[Web page caption snippets]

Start of Block

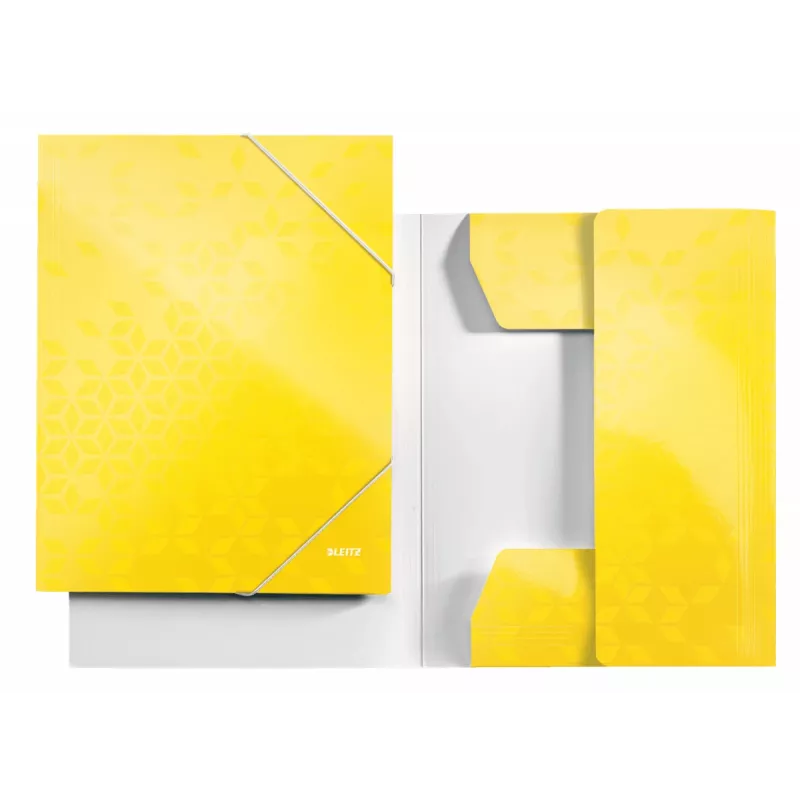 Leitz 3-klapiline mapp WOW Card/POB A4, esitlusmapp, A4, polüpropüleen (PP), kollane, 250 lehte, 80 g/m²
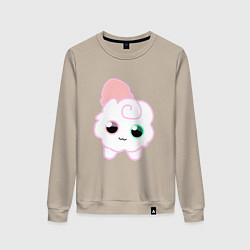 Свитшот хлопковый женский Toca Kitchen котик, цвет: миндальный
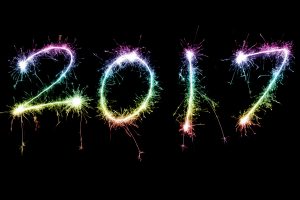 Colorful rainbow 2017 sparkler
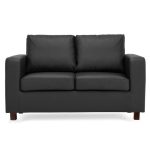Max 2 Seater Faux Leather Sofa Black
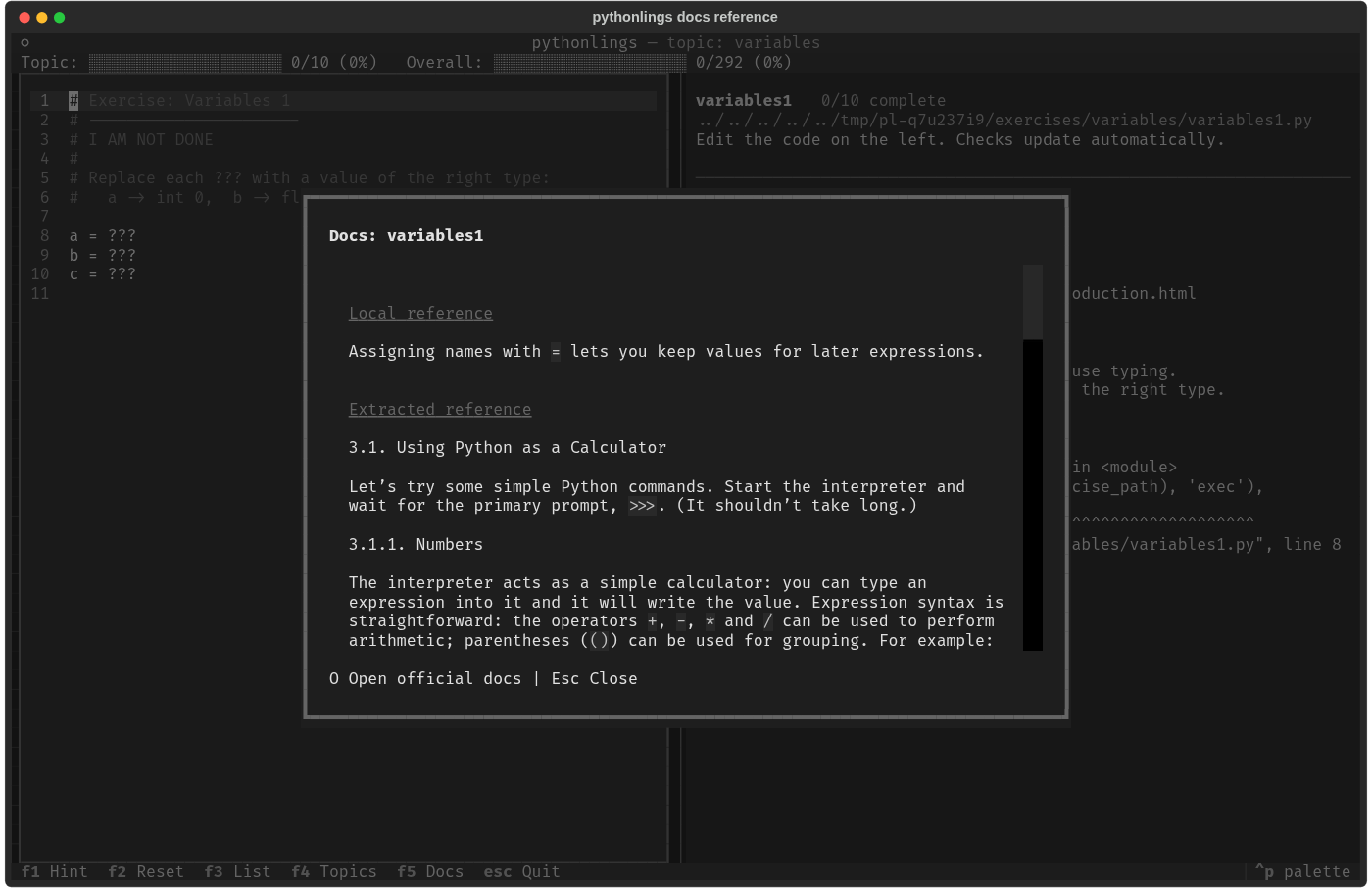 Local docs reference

End of Block

WORK ITEM:
Pictures should be skipped, and the records retyped word for word.

THE ANSWER:
 Leitz 3-klapiline mapp WOW Card/POB A4, esitlusmapp, A4, polüpropüleen (PP), kollane, 250 lehte, 80 g/m²
 Свитшот хлопковый женский Toca Kitchen котик, цвет: миндальный
 Colorful rainbow 2017 sparkler
Max 2 Seater Faux Leather Sofa Black
 Local docs reference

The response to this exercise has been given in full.